Loki had only read some of the cliché plays that were written. Romeo and Juliet, Hamlet, Twelfth Night. They all grasped his attention and he read them thoroughly when he had the time. But there seemed that in this moment, there was nothing quite like Shakespeare’s Coriolanus.
The train ride was less excruciating once you were talking. You found that Loki was actually well educated and not as much of an asshole as he seemed. Loki found you even more attractive than he had when he stepped into the train car. 
You were in the middle of passionately explaining Volumnia’s relationship with her son when the train came to a stop again, announcing the last stop. 
Neither you or Loki wanted this to end. 
“I—I’d love to keep going,” you started, suddenly realizing you spent so much time speaking, “but this is my stop.”
The usual dialogue came from the speakers as the doors wheezed open. Loki stood up from his seat with you as you gathered your things, your book in hand. 
“I fear this may be too forward,” he started, suddenly feeling nervous. “But may I walk you home?”
Never in your years of living did you expect to be asked by the man who took New York in his clutches to be walked home in the dead of night.
And never did you think you’d say yes. 
The two of you fell in step as you walked out of the subway car, silent as you took in the emptiness of the subway station. 
It was peaceful. A small part of the city that somewhat slept. You realized that you were less tense than when you started this journey, and smiled small as both you and Loki took the steps two at a time to reach the surface. 
Both of you made it onto the sidewalk before you realized something.
“You know,” you started carefully once your bag was secured on your back, “you don’t need to walk me back. I’m sure you have a curfew or... or something—“
“Darling, I assure you, I’m not needed back at the tower.” Loki gripped your hand gently to pull you to a full stop on the sidewalk now. “I’d much rather hear your passion for this work than hear my brother drone on about his lover.”
For some reason, that confession combined with his touch made your breath hitch. His hand felt as if it wasn’t warm, but not cold either. It was like the perfect temperature. 
Suddenly your mind wondered what it would feel like to be held in his arms. You were quick to wipe away that thought by blinking up at Loki, furrowing your brows together. 
“Are you sure? Sounds much more invigorating, hearing about someone’s dating life rather than being told about a Roman soldier in depth.”
“I am positive,” Loki chuckled in reply. “Your knowledge on this play is far better than any mortal’s.
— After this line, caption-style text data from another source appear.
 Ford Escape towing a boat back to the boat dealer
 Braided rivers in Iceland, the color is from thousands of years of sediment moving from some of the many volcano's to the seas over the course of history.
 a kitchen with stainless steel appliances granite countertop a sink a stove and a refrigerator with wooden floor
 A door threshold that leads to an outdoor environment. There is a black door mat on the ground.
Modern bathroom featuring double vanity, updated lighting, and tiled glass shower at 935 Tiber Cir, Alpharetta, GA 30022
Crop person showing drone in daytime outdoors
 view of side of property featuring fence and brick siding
Almost as if you had studied with the Bard himself.”
You felt your face heat up from the compliment, and decided to keep your hand locked in his as you started to walk down the sidewalk again. 
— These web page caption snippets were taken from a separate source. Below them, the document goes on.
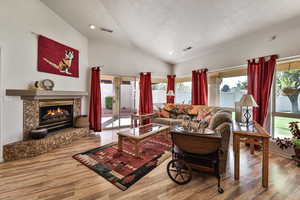 Living room featuring vaulted ceiling, hardwood / wood-style floors, and a textured ceiling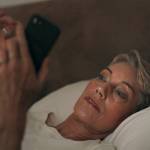 Older woman in bed looking on phone in bed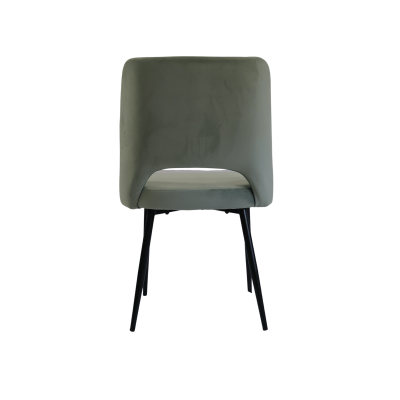 Cadeira verde de tecido com pernas pretas vista de costas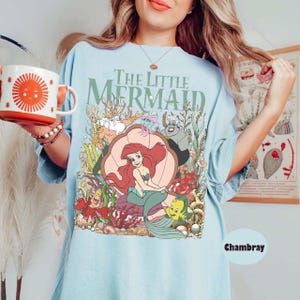 May include: Light blue t-shirt featuring the text "The Little Mermaid" above a colorful graphic of Ariel, Flounder, Sebastian, and other characters. The shirt has a relaxed fit and is made of soft material.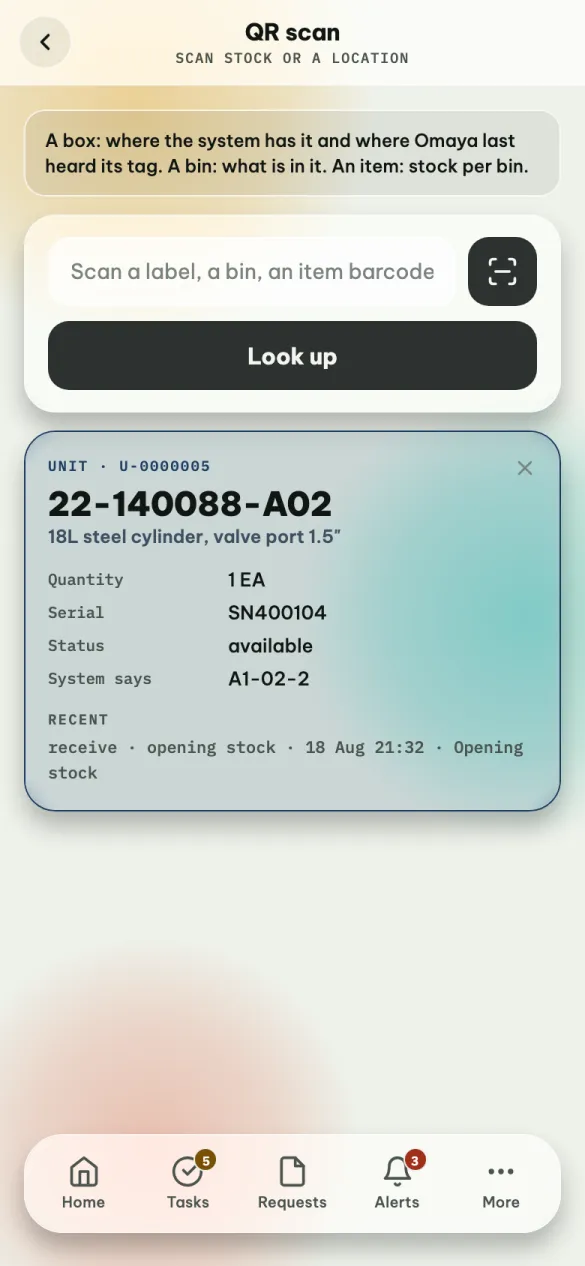 QR scan: a scan box with a camera button, Look up, and the card for one box with its quantity, serial, status, bin and recent history.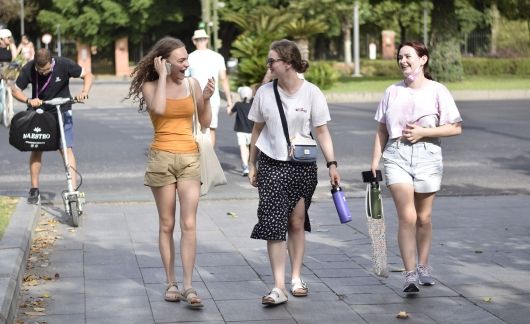 High school girls walking through a park in Seville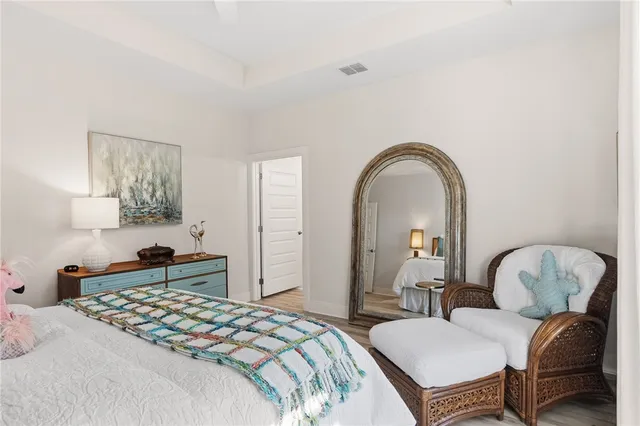 a bedroom with bed and a chair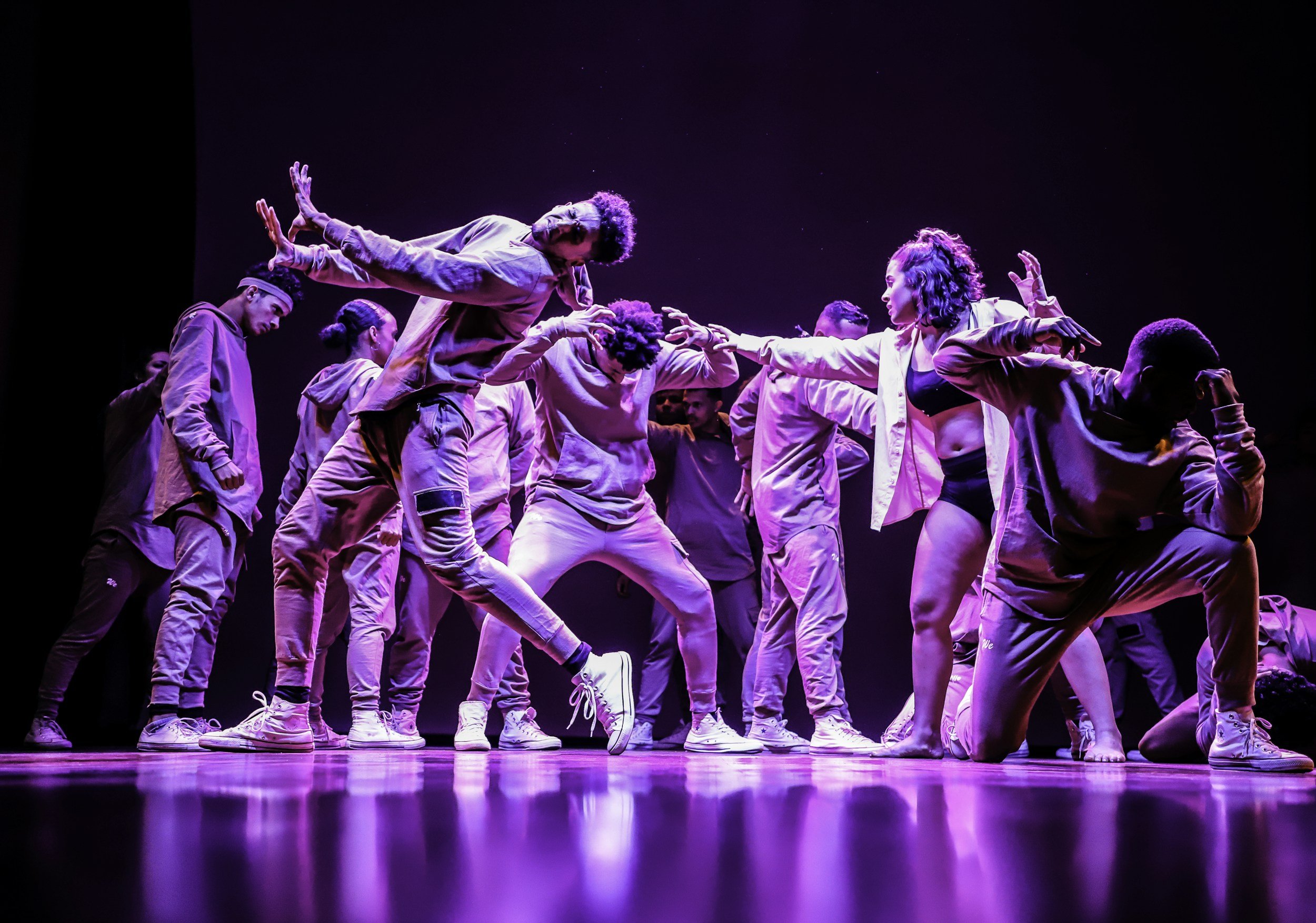 Group of dancers performing on stage with purple lighting, some in athletic clothing, engaging in contemporary dance moves.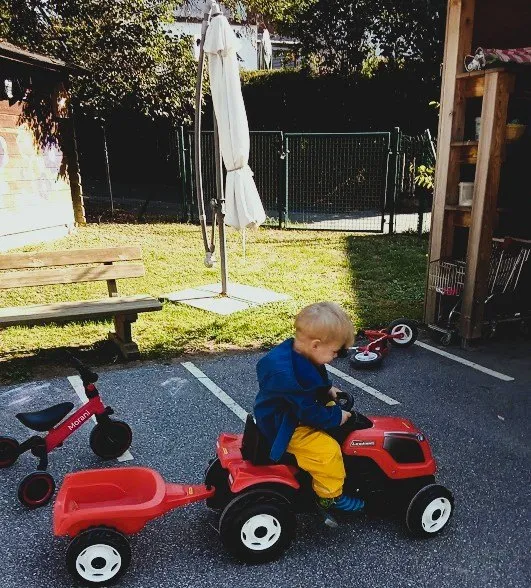 Ein kleiner Junge fährt einen roten Spielzeugtraktor mit Anhänger in einem Parkplatz. Dahinter steht ein rotes Dreirad.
“Flattering gets you nowhere, Loki.”
“I’m merely speaking the truth!” His voice sounded like he was accused of something like a child. This made you laugh. You just shook your head to dismiss the subject 
“So, back to Volumnia and how she’d rather her son die in battle than live a life of shame?”
“Please. I’m all ears.”
The walk back to your apartment was quicker than you expected as you broke down the rest of the play. And for once, you didn’t want to sleep. You wanted to stay up and keep talking to Loki. You didn’t care about the time or the place, you wanted to keep talking. 
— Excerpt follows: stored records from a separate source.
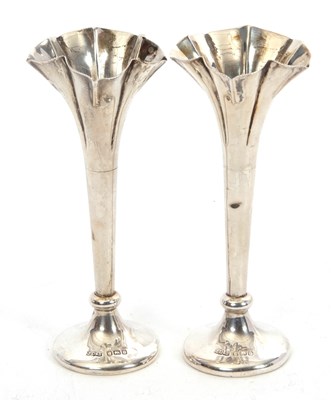 Lot 195 - A pair of Edwardian silver spill vases having...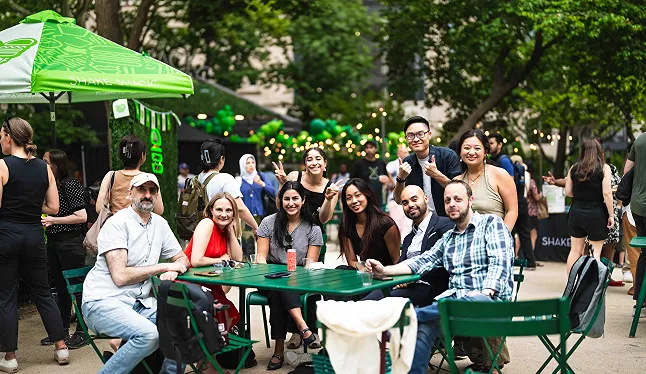 Happy diverse group of people sitting at a table outdoors under a green umbrella at a Shake Shack support center event
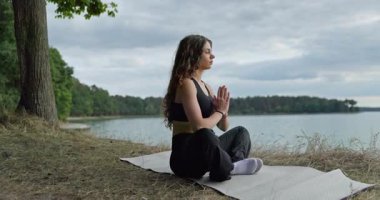 Genç bir kadın, yemyeşil yemyeşil bir gölün kenarında huzur içinde otururken meditasyon yapıyor.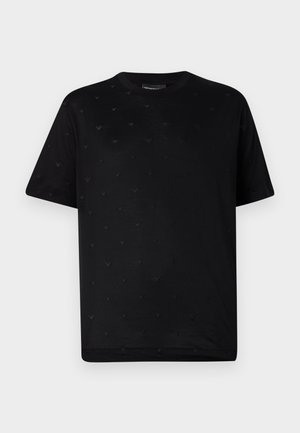 Black cotton t-shirt featuring a textured pattern of small, raised, V-shaped accents across the fabric, crew neckline, and short sleeves.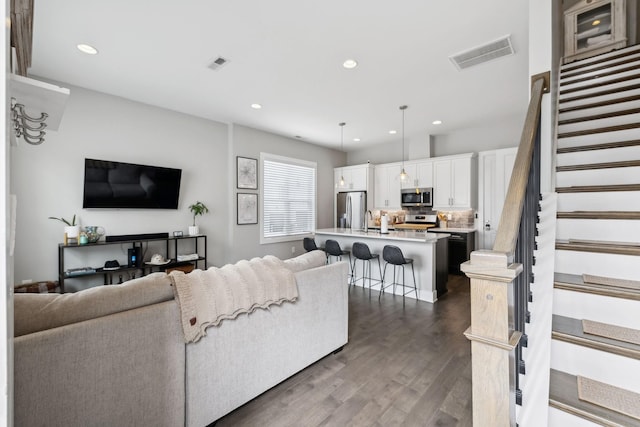 living room featuring dark wood-style floors, stairway, visible vents, and recessed lighting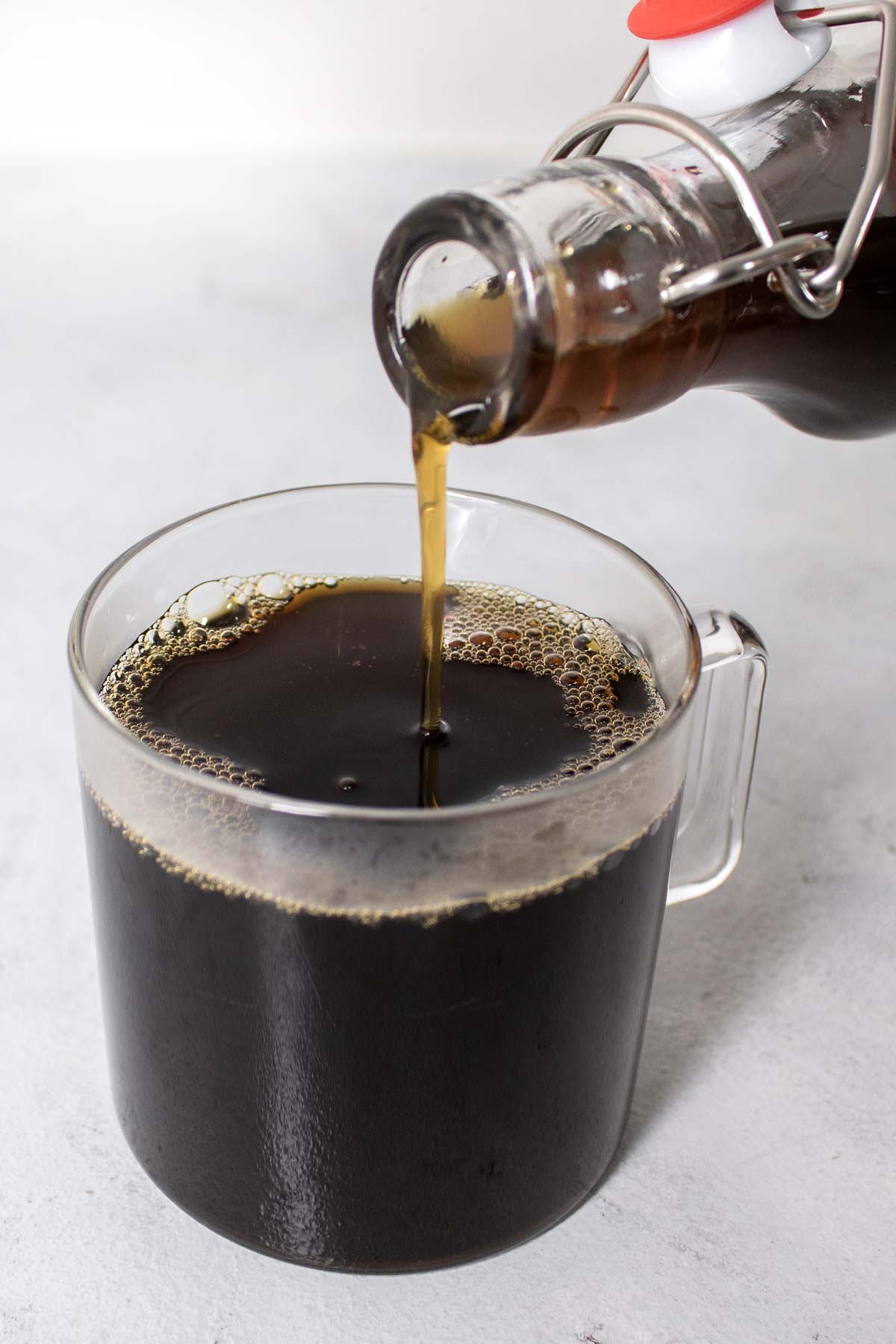 Bruine suikersiroop in een kopje koffie gieten.
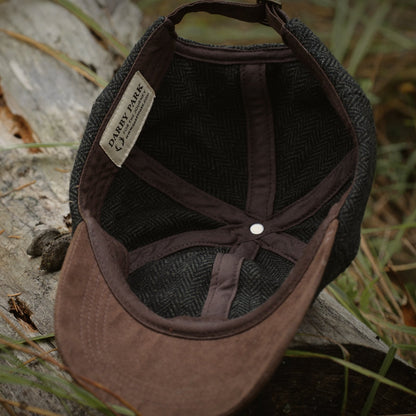 Underside of the Tweed Cap, showing the brown faux suede brim and cotton-lined crown.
Even if you’ve exhausted your extensive knowledge on this play. 
You and Loki stood in front of your apartment building, laughing at a small joke you had made about Caius Marcius yearning to fight Aufidius during an important meeting. 
The blanket of silence between you two was comfortable. You noticed Loki’s gaze seemed soft. Almost... loving. You tried to ignore it, but he seemed so smitten in this moment. The moonlight hit his face just right which made you swoon internally when you saw just how handsome he could be in the different lighting of the night.
“I really should get going,” you sighed, letting the heel of your hand gently rub at your eye. “I’ve got work tomorrow.”
Loki shifted his weight on his feet, seeming just as dejected as you. It was nice knowing you both didn’t want this night to end. 
“I’d like to see you again, if that—“
“Yes,” you cut him off instantly, looking up into his eyes. It was like a trance. You admittedly loved every second of it. 
He chuckled at your sudden response. Minutes, maybe even hours ago, you two had wanted nothing to do with each other.
And yet here you both stood, smitten in conversation, dancing around the harsh reality that you’d have to carry on with your lives after you stopped talking. 
You licked your dry lips slowly, a smile settling across your features before repeating yourself again. “Yes please.”
Loki smiled back at you before nodding. Neither of you knew what to do from here. It seemed as though goodbyes weren’t your forte. 
You fumbled for a moment, almost as if you were getting your keys from your bag.
Which you were doing, Loki realized. Getting your keys. And a pen, it seemed. You were quick to bite the plastic cap off before opening to the first page in your copy of Coriolanus and writing. 
Loki tried to see what you had written, but you were far too fast. By the time he tried to get a closer look, you were done writing and capped the pen before closing the book and passing it over to him.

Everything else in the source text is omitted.